Separation of Lin-CD34+ and Lin-CD34- cells:
1. Spin down the Lin- cells from the step 1.3.3 at 200 x g for 5 min. Resuspend the cell pellet with PBS and count the cells with a hemocytometer.
2. Wash the cells twice with FACS buffer and pellet the cells at 200 x g for 5 min.
3. Label five 1.5 ml microcentrifuge tubes with the number 1, 2, 3, 4, 5 respectively. Resuspend the cells with 100 µl FACS buffer per 10⁶ cells (10⁶ cells per tube).
4. Add 1 µg of Anti-Mouse CD34 FITC antibody to tube 1 and tube 2 and mix the tubes gently.
5. Incubate all tubes at 4 °C for 1 hr in the dark.
6. Add 0.25 µg of PE-conjugated Anti-Sca1 antibody and 20 µl of APC-conjugated Lineage Cocktail antibodies to tube 1, 0.25 µg of PE-conjugated Anti-Sca1 antibody to tube 3, and 20 µl of APC-conjugated Lineage Cocktail antibodies to tube 4.
7. Mix all the tubes gently and incubate the cells at 4 °C for an additional 30 min in the dark.
8. Add 300 µl of FACS buffer to the cells and spin down the cells at 200 x g for 5 min.
9. Wash the cells with 500 µl of FACS buffer for three times.
10. Resuspend the cell pellet in 500 µl of FACS buffer.
11. Use the cells in tubes 2, 3, 4, and 5 for setting up compensation. Isolate Lin-SCA+CD34+ and Lin-SCA-CD34- cells in tube 1 using FACS Aria.

2. RNA Preparation and Library Construction for High-throughput Sequencing

Isolation, quality analysis and quantification of RNA:
1. Extract total RNA from Lin-CD34+ and Lin-CD34- cells respectively using TRIzol following the manufactures’ protocol.
2. Remove the contaminated DNA using deoxyribonuclease I (DNase I) following the manufacture’s protocol.
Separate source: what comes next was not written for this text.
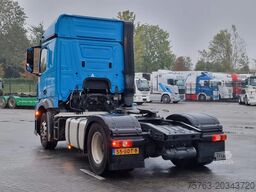 Mercedes-Benz Actros 1842 - 4x2 - Streamspace - Euro 6 - Fridge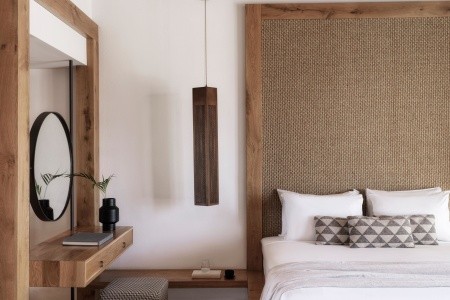 Stella Island Luxury Resort & Spa - 141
Optionally, store the RNA at -80 °C at this step for further use.
3. Assess the quality of total RNA using Bioanalyzer according to the instructions offered by the supplier. Use RNA sample with RNA Integrity Number (RIN) lager than 9.
Library Construction and high-throughput sequencing:
NOTE: This protocol describes RNA-Seq using Illumina platform. For other sequencing platforms, different library preparation methods are required.
1. Use 0.1-4 µg of high quality total RNA per sample for library preparation. Normally 2 µg of total RNA can be extracted from 10⁵ EML cells.
2. Use a RNA-sequencing sample preparation system for RNA purification and fragmentation, first and second strand cDNA synthesis, end repair, 3’ ends adenylation, adapter ligation and PCR amplification, following the detailed standard procedures from the provider’s instructions.
  1. Positively select PolyA mRNA using oligo-dT magnetic beads and fragment the mRNA.
  2. Perform reverse transcription using random primers to obtain the cDNA and subsequently synthesize the second strand of cDNA to generate double stranded cDNA.
  3. Remove the 3' overhangs and fill the 5' overhangs by DNA polymerase. Adenylate 3' ends to prevent cDNA fragments from ligating to one another.
  4. Add multiplex indexing adapters to both ends of the dscDNA. Perform PCR for the enrichment of DNA fragments.
3. Measure the A260/A280 to obtain information about the concentration of library using a spectrophotometer.
4. Assess the library quality and measure the size range of DNA fragments using a Bioanalyzer.

3. Data Analysis

For reference of software used in this part, please see (Table 2).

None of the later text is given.